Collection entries
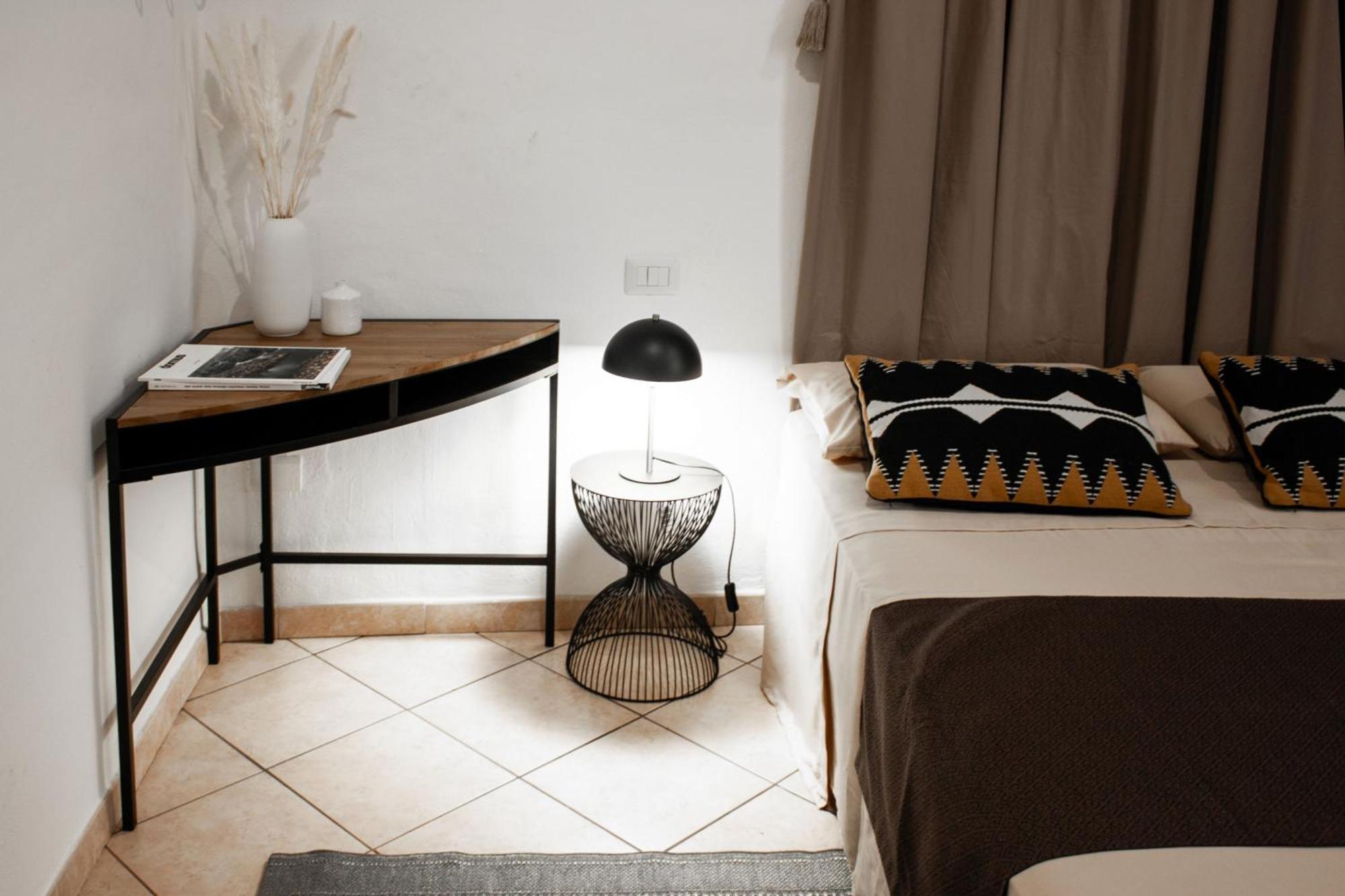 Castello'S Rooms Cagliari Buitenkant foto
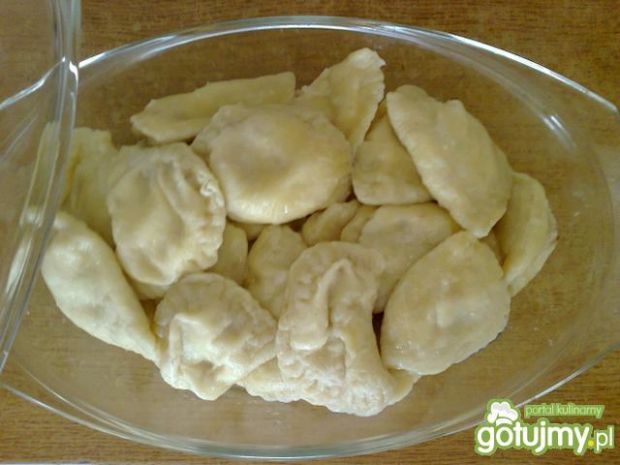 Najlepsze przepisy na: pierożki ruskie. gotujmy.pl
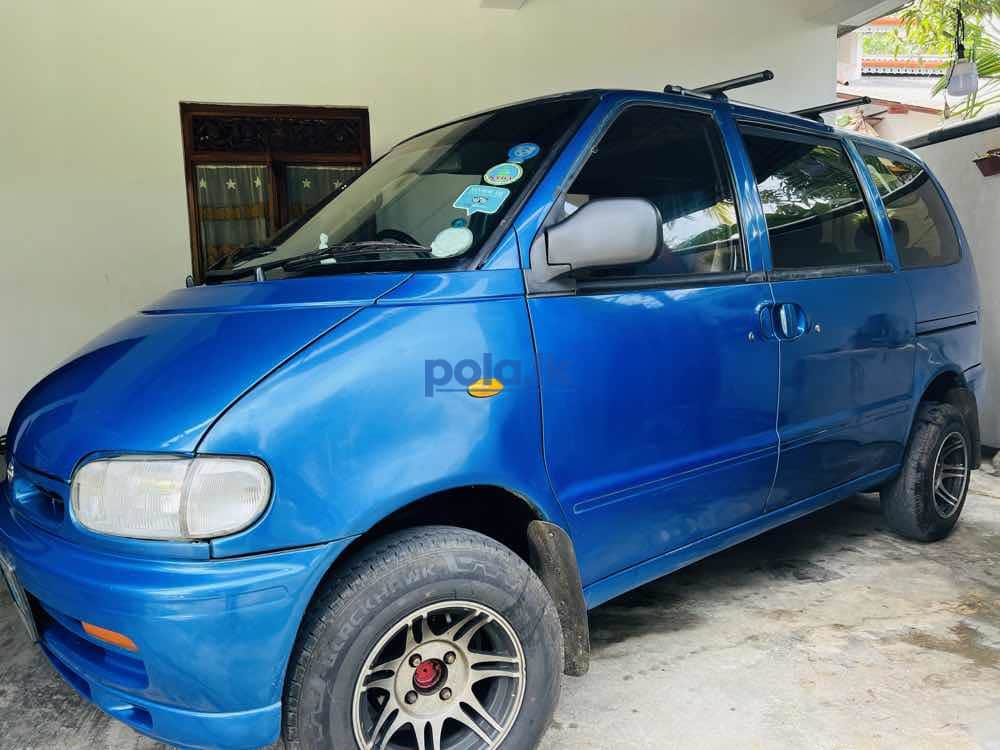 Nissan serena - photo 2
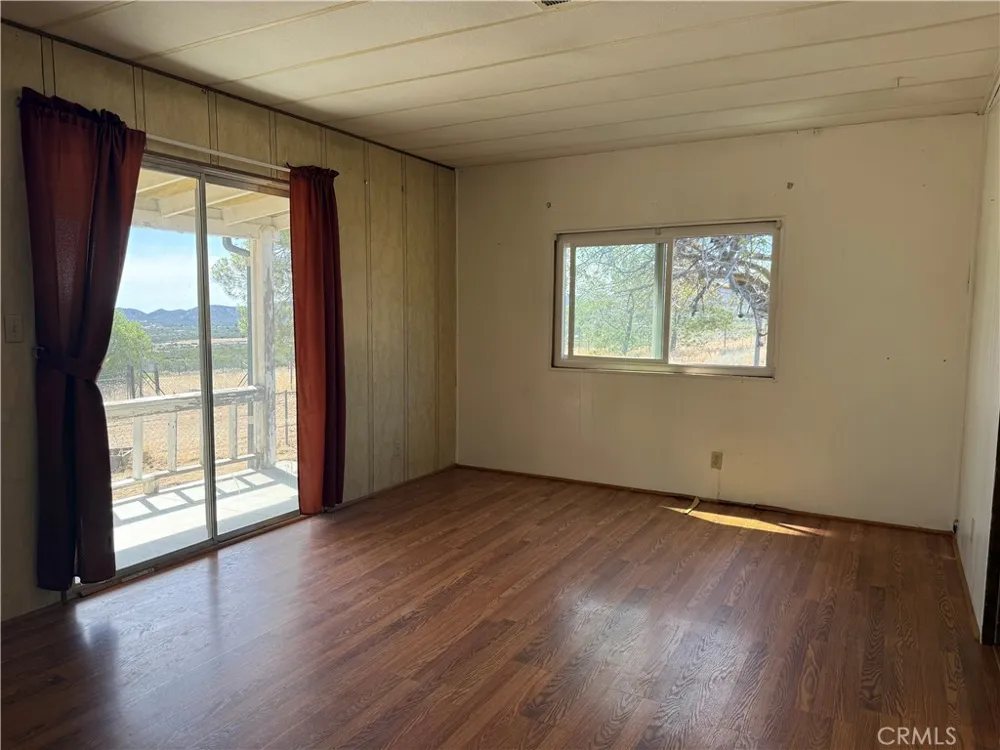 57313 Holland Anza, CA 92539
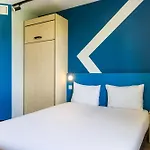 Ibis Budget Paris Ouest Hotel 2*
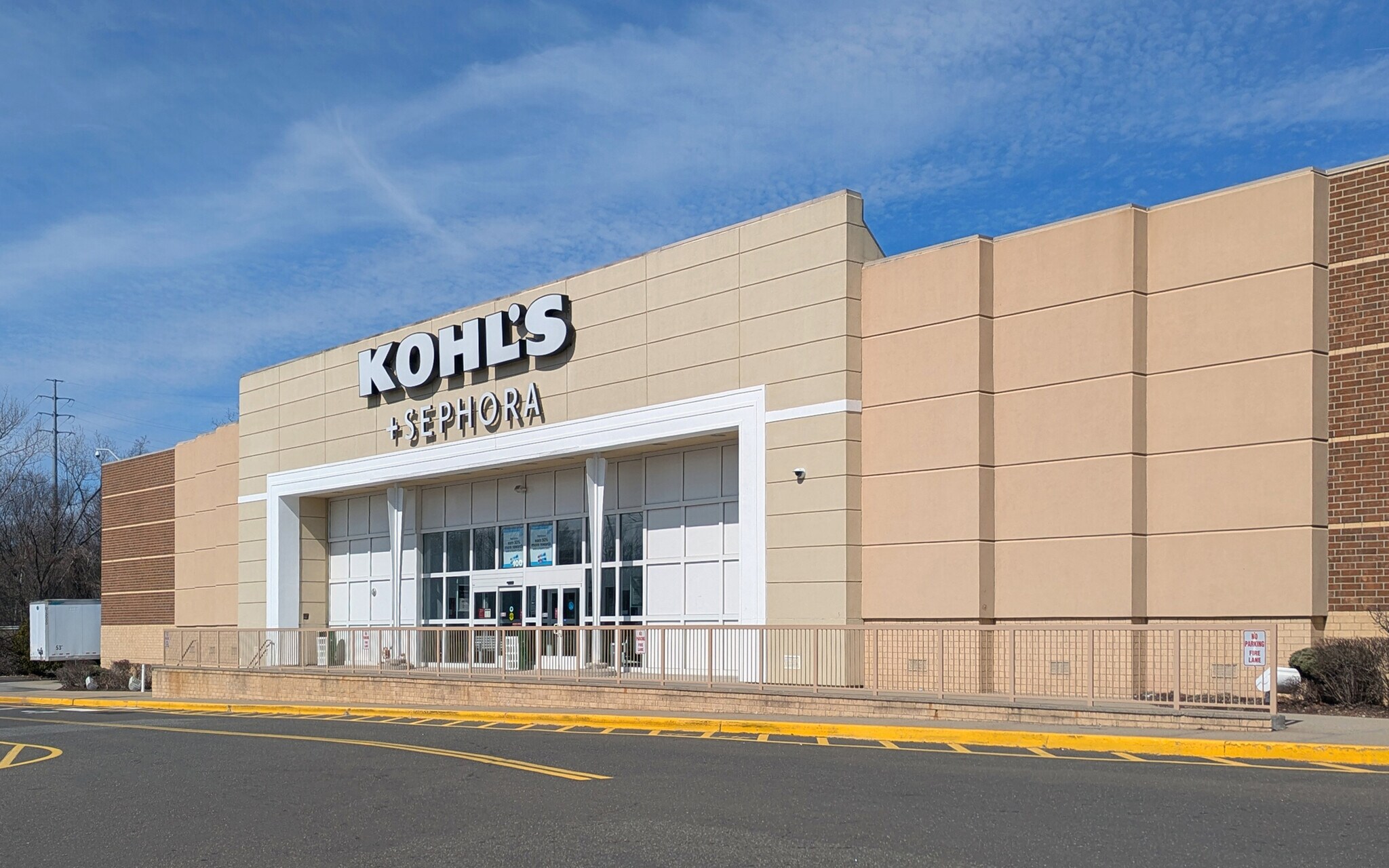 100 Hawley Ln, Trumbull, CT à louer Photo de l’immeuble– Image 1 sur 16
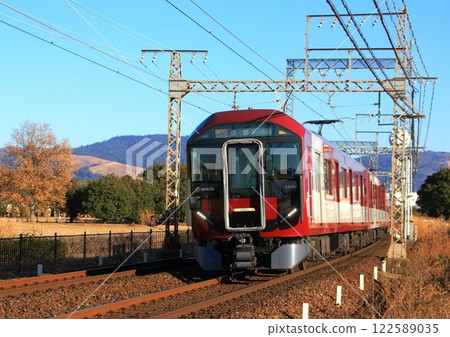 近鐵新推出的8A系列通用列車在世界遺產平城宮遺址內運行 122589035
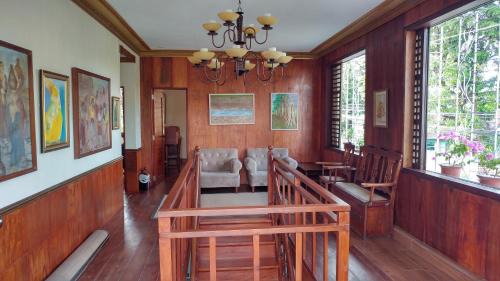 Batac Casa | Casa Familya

What is expected: Please copy exactly, and only, the lines from the one that contains "近鐵新推出的8A系列通用列車在世界遺產平城宮遺址內運行 122589035" through the last line of the data above, omitting all pictures.

Completed task:
 近鐵新推出的8A系列通用列車在世界遺產平城宮遺址內運行 122589035
 Batac Casa | Casa Familya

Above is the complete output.